Values and congruency are a difficult topic to cover. As we discovered during the LeaderQuest meeting, knowing what you value and acting on those values isn't easy to do all the time. Even knowing what it is you truly value is difficult to think about and is often a process that is reevaluated throughout the course of your life.
This discussion also raises some interesting questions. Can you ever really discover what you value by placing words upon it? At some point, doesn't it just become word games? Toward the end of the discussion about values, when people were forced to have only a few values and to choose from those their "top" value, many people spoke about how their "top" value encompassed all of the other ones or, "without this value, none of the other values would matter, so that is why I chose this one."
The Greek philosopher and poet Heraclitus said, "The content of your character is your choice. Day by day, what you choose, what you think, and what you do is who you become." Is it possible, then, to every really articulate what it is you value in a few words? Or is it a constant cycle of evaluation, a striving toward some greater goal of which we are unaware? It is worthwhile to think of the value of knowing in words the things you value and those that you do not. Does it help you to make decisions and choose your actions?
During part of our discussion, we talked about President George W. Bush. Many people said that they felt he was congruent even if they didn't agree with his actions. Others said he was not congruent because some of his actions have not been congruent to the values we'd expect from the office of the President of the United States. So is Bush incongruent or is it more of a question of whether his values or actions are "right" or "wrong?" When you are in a position of power, what takes precedence, your values or the expected values of the office you hold? Do you surrender your values entirely in a position of power? If so, who decides what your values are. If not, what happens when your values conflict?

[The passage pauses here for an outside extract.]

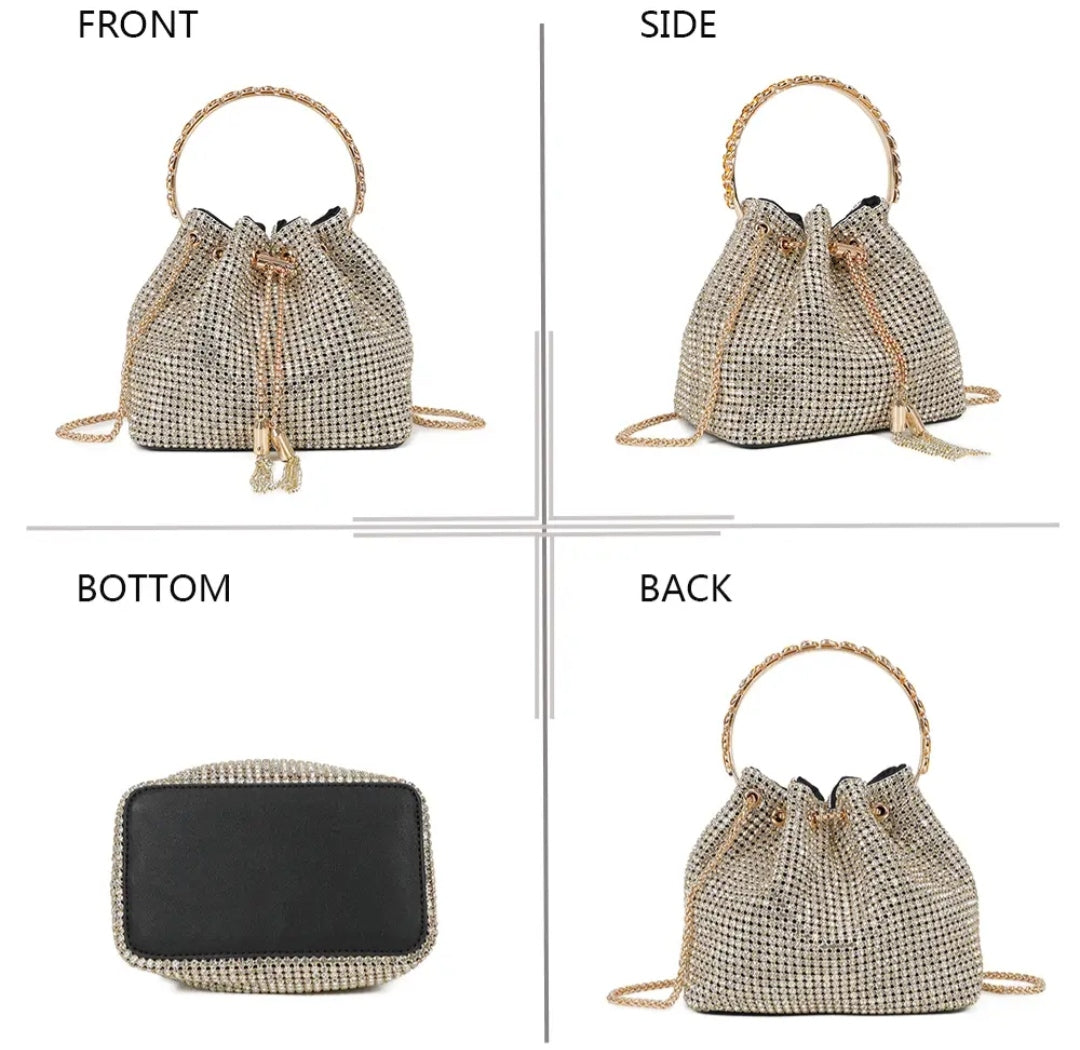 Bolso Wendy Dorado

Is it possible for your values to be wrong? Who decides whether these are right or wrong? Is it possible for two or more of the things you value to be incongruent with each other? What then? How do you resolve that conflict?
Another good exercise I have seen used in discovering values is asking the question, "What do you want people to say about you when you die?" Although this question sounds morbid, it is often easier to uncover the things that are most important to you (or you wish were most important to you).